You all have been nothing short of AMAZING since my ‘confession’. I was terrified of putting my dream, myself really, out there for you all to see, and the love, support, and encouragement that you all of sent my way is nothing short of empowering. Most of you, though, did ask me a question: Why? Why did I feel like I needed to keep this a secret? It is nothing to be ashamed of. In fact, most of you were not surprised at all that I wanted to write a book. I even got a couple “It’s about time!” comments.
That “Why?” is a great one to ask. Where did my self-doubt come from? It happened to be asked of me around the same time as a similar topic of conversation was had at my work. It was about self-esteem and when we started to lose ours. The question was asked “Do you remember one specific moment in your life when someone else made you doubt yourself?” This was another hard question for me to answer.

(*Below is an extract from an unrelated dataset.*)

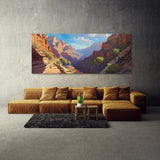 Arizona Dappled Trail Glow 47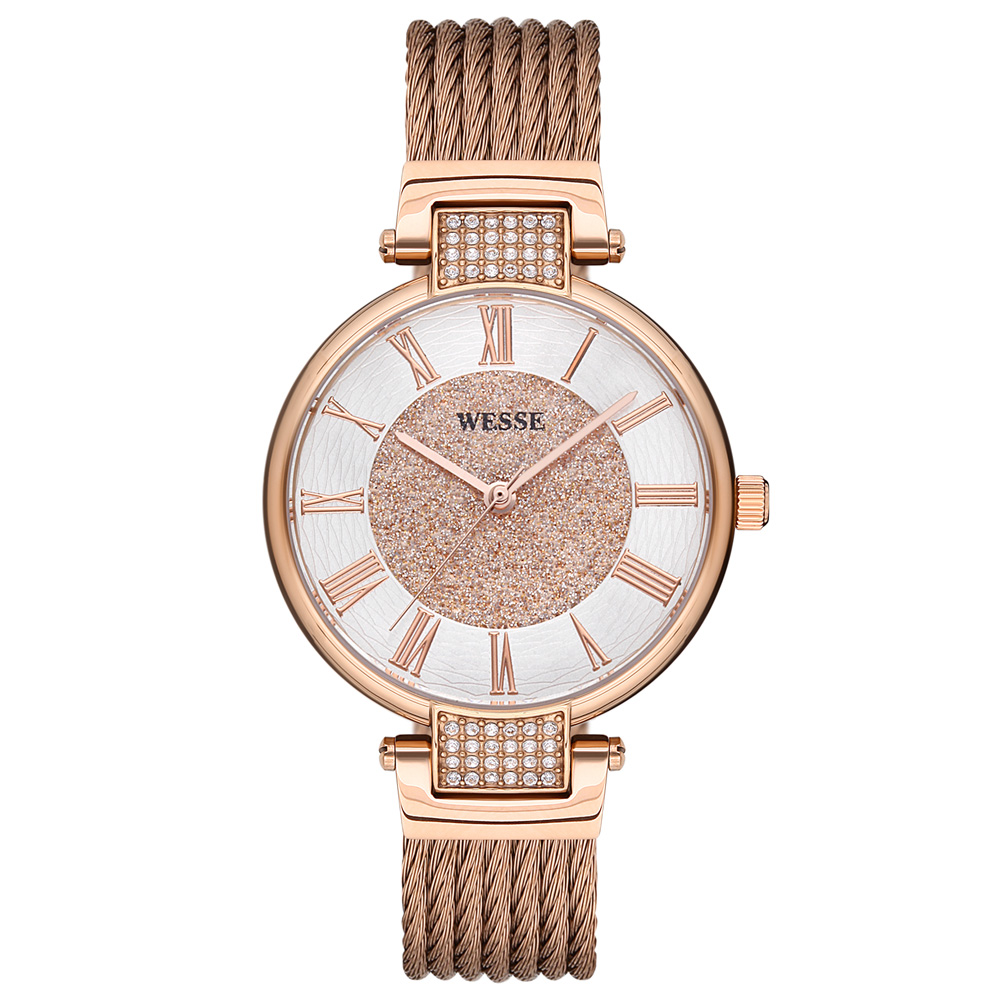 Wesse WWL302303 Kadın Kol Saati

I don’t ever recall one specific moment, not even a small one, of anyone telling me that wasn’t good enough, didn’t look good enough, or wasn’t smart enough. Saying that, I am sure that there were in actuality many, MANY times when those things were said to me, or about me. I simply chose not to listen to them. The credit for this strong sense of self goes straight to my parents, who have done a great job of raising me to be strong and independent (I’m sure there were times that they thought they were doing too well of a job, also!), and to my expanded family, who never once allowed me to think that I couldn’t achieve anything that I set my mind to.
So, back to the original question; where in the HELL does my self-doubt come from? It has really made me think, and I’ll admit, threw me off my game for a few days. One of my co-workers during our self-esteem discussion said that any time she began to doubt, the voice of her step father would sound in her mind, a man that had abused her mentally and emotionally since she was a young girl. So, what does the voice of my self-doubt sound like? Who is it hanging out up there in the shadows, waiting for a dream to stroll by so they can jump out and chase it away, all while laughing like a crazed maniac?

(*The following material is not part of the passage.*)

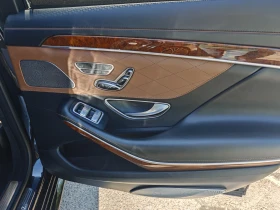 Обява за продажба на Mercedes-Benz S 500 L 4 Matic ~60 000 лв. - изображение 11
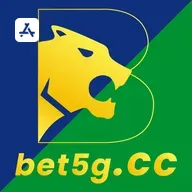 APP oficial da bet5g para mobile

Me. That voice is mine. Mine, mine … mine. Unfortunately, I found that answer quick and easy. What wasn’t so easy was the follow up – Why? (I’m noticing a trend, are you?) This one is what I’ve been hung up on for a few days, at least until this morning. The answer popped up front and center while I was sitting down to write.

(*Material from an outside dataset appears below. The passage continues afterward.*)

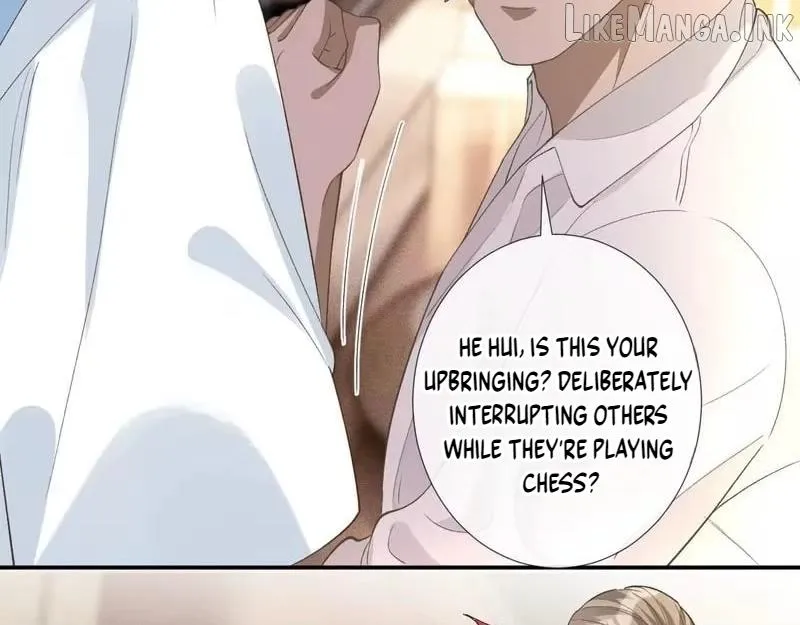 Everyone’s Darling Chapter 410 page 17 -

Of all of the things that I’ve done, all the goals that I’ve chased, the situations I’ve dealt with, the dreams that I’ve followed, writing a book and having it published is the ONE thing that I don’t know that I can succeed at. That’s right. I know that I can write, I can put words on paper and most of the time they flow together in a way that is entertaining and pleasing to some. What I don’t know is if this book will get published – which is what I really am dreaming about. To see my book in a book store on display – that would just be mind-freaking-blowing! And that is completely, 100%, out of my control. I can write whatever I want, but someone has to like it enough to take a chance and put it out in a store. But I can’t let the “What if no one likes it?” be the catalyst for my self-doubt anymore. Nothing will get accomplished that way.
Realizing all of the above, I am so glad that I’ve finally turned around to look my self-doubt – me, really – in the eye and say, “Self, I realized that there are many times that your doubt has kept me safe. Like the many times you have stopped me from driving too fast, or jumping off of something way too high when I was a kid. It is probably because of you that I can say that I have never broken a bone or been seriously injured due to my own stupidity. And I thank you for your attentiveness. But I really need you to back away from my dreams. I know there is potential for me to get hurt emotionally, but we both know that I am strong enough to deal with that when the time comes. I can’t get a book into a book store without writing it first, and write I must! Even if it doesn’t get into a book store, even if everyone hates it, the book needs to be written. So, again, I thank you for your attempt to help, but in this area, I don’t need – nor want- it.
And to think that I said all of that without actually realizing that I did … that is a subject matter for another time.
Happy writing, and happy dreaming~
PS ~ Please, go tell your own self-doubt to protect something other than your dreams for a while. Life is too short to let yourself protect you from yourself. Love.